Стянув респиратор, мужчина сплёвывает приправленную элегическим токсином слюну и закуривает. Черты его лица остры. Сияющая белизной кожа иссечена шрамами. Крупные глаза – как следствие неизученного дефекта – абсолютно чёрные, а зрачки светятся белым огнём. Дым папиросы, выходящий из тонкогубого рта, сливается с парами декабрьского холода.

Реверсон подходит к краю обрыва. Весь пологий спуск, вплоть до низменности, устлан разбитыми бомбардировщиками с замурованными в кабинах пилотами. «Снегири» ещё источают остатки элегии, облизавшей напалмом весь Синекам. Улицы Це́рупилса чернеют снегом. Вместо зданий – жалкие обломки. Никак и нигде не скрыться от неестественных плодов Войны.
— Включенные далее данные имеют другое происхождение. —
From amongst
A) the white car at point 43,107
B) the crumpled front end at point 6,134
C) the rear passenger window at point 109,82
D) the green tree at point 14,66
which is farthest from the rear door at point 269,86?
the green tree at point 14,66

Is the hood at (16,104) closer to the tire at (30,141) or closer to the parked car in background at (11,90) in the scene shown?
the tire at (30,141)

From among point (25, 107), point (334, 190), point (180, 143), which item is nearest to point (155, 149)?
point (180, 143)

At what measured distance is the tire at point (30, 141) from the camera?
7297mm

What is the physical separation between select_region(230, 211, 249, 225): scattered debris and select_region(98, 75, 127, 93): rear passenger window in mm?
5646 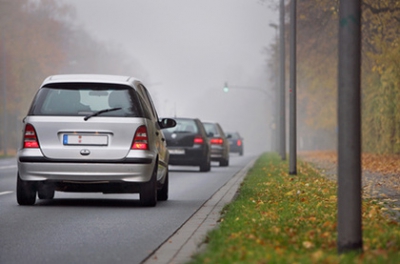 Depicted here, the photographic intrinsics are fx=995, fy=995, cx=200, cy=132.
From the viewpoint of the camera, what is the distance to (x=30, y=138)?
13727 mm

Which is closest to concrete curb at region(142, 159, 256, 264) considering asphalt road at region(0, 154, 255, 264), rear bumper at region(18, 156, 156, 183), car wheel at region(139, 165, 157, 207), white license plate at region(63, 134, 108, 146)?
asphalt road at region(0, 154, 255, 264)

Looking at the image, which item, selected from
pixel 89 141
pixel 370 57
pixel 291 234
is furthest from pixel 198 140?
pixel 291 234

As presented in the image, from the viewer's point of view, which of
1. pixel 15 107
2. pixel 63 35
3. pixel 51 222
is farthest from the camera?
pixel 63 35

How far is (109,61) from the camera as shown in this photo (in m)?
118

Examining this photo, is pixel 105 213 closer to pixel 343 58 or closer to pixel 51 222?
pixel 51 222

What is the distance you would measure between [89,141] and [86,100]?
673 millimetres

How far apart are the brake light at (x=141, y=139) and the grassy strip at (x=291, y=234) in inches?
56.8

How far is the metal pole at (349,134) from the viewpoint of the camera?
25.1 feet

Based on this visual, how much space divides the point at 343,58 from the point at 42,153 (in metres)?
6.75

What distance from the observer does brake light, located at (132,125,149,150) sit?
13734 mm

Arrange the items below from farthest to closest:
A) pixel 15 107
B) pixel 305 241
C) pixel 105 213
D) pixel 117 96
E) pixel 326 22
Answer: pixel 15 107 < pixel 326 22 < pixel 117 96 < pixel 105 213 < pixel 305 241

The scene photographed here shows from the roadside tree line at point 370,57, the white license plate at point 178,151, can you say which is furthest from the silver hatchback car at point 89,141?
the roadside tree line at point 370,57

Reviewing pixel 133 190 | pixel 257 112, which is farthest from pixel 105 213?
pixel 257 112

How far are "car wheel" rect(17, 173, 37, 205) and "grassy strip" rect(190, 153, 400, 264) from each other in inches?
111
– Ну ты это видел? Видел, да?! – К капитану подлетает возбуждённая estelatte, Рагнара Эскельсон. Молодая женщина, чья семья была истреблена Культом. В ночь, когда они вновь встретились, будущую жницу собирались принести в жертву Отцу Боли. – Они сделали это. Всё получилось!

Взгляд цепляется за распятого на каменном остове комтура. Его убили первым; в момент начала атаки деми во двор прорвались синекамские культисты. Свою малочисленность они компенсировали гвоздемётами с захваченного завода. Эффективность «оружия» в их представлении оказалась завышенной, а преимущество неожиданности – краткосрочным.

– Ха-х, вынужден признать, – не скрывая облегчения, отзывается Реверсон, угощая протеже табаком. Та охотно вытягивает из портсигара папиросу и закуривает, – «Снегири» и впрямь к добру…

– Они были восхитительны, deemoire, – соглашается Рагнара, смотря на растворяющиеся вдали самолёты, – но, к сожалению, не без потерь. Некоторых лётчиц парализовало воздействие Немока, и они не справились с управлением.

– Zoic, я видел, – подтверждает капитан, выдыхая облако дыма. – Это прискорбно. Уверен, Император позаботится об их родственниках.

Собственные слова кажутся не столь убедительными, когда Аверс ловит осуждающий взгляд Царевны. Величественной девы, что гальюном украшает их гниющий корабль. Раньше горельеф служил свидетельством союза двух держав, теперь – напоминанием о бесчинствах и смертях.

Прототипом Царевны стала Вендига Ганноморт, наследница трона Карпейского Каэльтства и невеста основателя ордена демиборцев – Оскара из рода Труворичей, российского цесаревича по прозвищу «Неупокоенный».

Незадолго до бракосочетания каэльтину скомпрометировали при проведении демиургического ритуала. Магистр счёл это личным оскорблением и собственноручно убил возлюбленную со всеми её приближёнными. В историю это вошло как Свинцовая свадьба.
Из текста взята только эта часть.